4 Exploratory Visualizations

The driving goal in everything that we do in the modeling process is to find reproducible ways to explain the variation in the response. As discussed in the previous chapter, discovering patterns among the predictors that are related to the response involves selecting a resampling scheme to protect against overfitting, choosing a performance metric, tuning and training multiple models, and comparing model performance to identify which models have the best performance. When presented with a new data set, it is tempting to jump directly into the predictive modeling process to see if we can quickly develop a model that meets the performance expectations. Or, in the case where there are many predictors, the initial goal may be to use the modeling results to identify the most important predictors related to the response. But as illustrated in Figure 1.4, a sufficient amount of time should be spent exploring the data. The focus of this chapter will be to present approaches for visually exploring data and to demonstrate how this approach can be used to help guide feature engineering.

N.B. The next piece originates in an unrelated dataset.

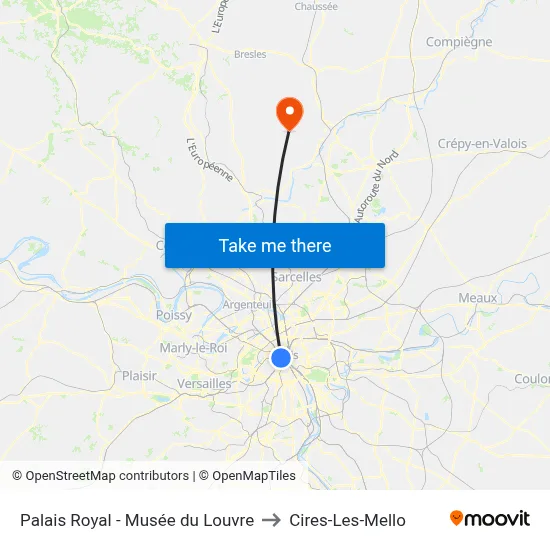 Palais Royal - Musée du Louvre to Cires-Les-Mello map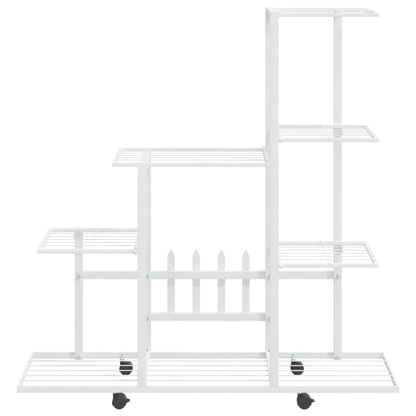Bloemenstandaard En 94,5X25X92,5 Cm Metaal Wit 94.5 x 25 x 92.5 cm Met wiel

One of the first steps of the exploratory data process when the ultimate purpose is to predict a response is to create visualizations that help elucidate knowledge of the response and then to uncover relationships between the predictors and the response. Therefore our visualizations should start with the response, understanding the characteristics of its distribution, and then to build outward from that with the additional information provided in the predictors. Knowledge about the response can be gained by creating a histogram or box plot. This simple visualization will reveal the amount of variation in the response and if the response was generated by a process that has unusual characteristics that must be investigated further. Next, we can move on to exploring relationships among the predictors and between predictors and the response. Important characteristics can be identified by examining

  • scatter plots of individual predictors and the response,
  • a pairwise correlation plot among the predictors,
  • a projection of high dimensional predictors into a lower dimensional space,
  • line plots for time-based predictors,
  • the first few levels of a regression or classification tree,
  • a heat map across the samples and predictors, or
  • mosaic plots for examining associations among categorical variables.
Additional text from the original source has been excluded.